Task instructions:
Return all of the data exactly, with nothing left out but the pictures.

Dataset excerpt:
────────────────────────────────────────
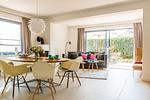 Gemütliches Wohnzimmer mit Esstisch und Sofa - Drei Akazien Wohnung 1 - Top-Hundeurlaub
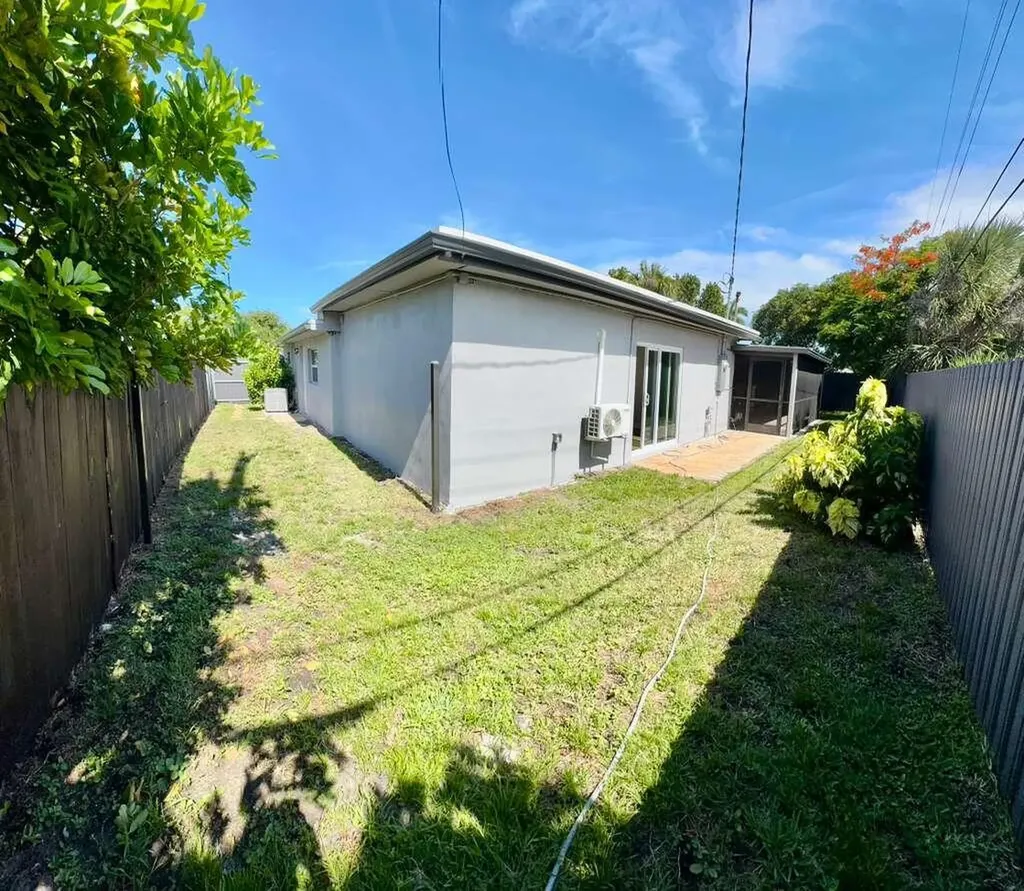 2865 NE 13th Avenue Pompano Beach FL 33064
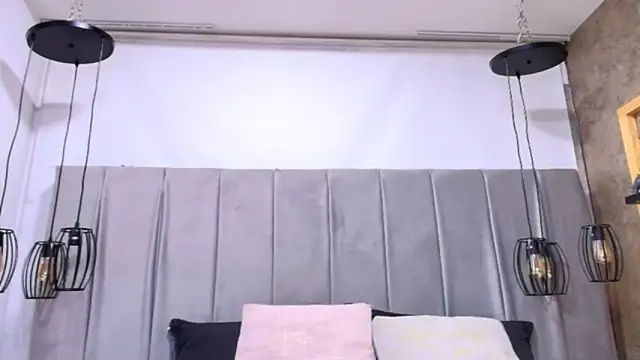 Snapshot of MashaPiink chatting on 05.13.26 MashaPiink online show from 05.13.26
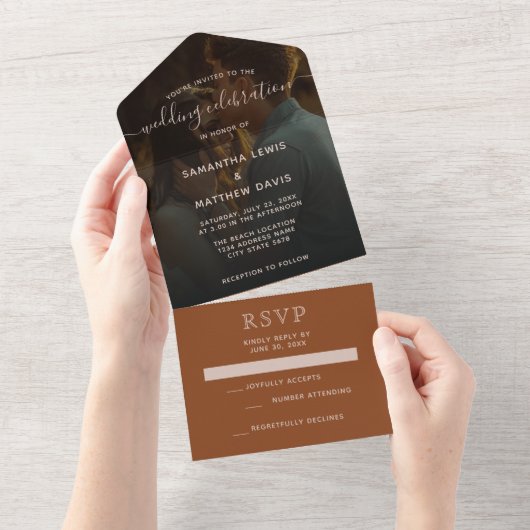 Invitation Tout En Un Mariage bohème simple et élégant en terre cuite (Déchirure)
────────────────────────────────────────
Result of the task:
 Gemütliches Wohnzimmer mit Esstisch und Sofa - Drei Akazien Wohnung 1 - Top-Hundeurlaub
 2865 NE 13th Avenue Pompano Beach FL 33064
 Snapshot of MashaPiink chatting on 05.13.26 MashaPiink online show from 05.13.26
 Invitation Tout En Un Mariage bohème simple et élégant en terre cuite (Déchirure)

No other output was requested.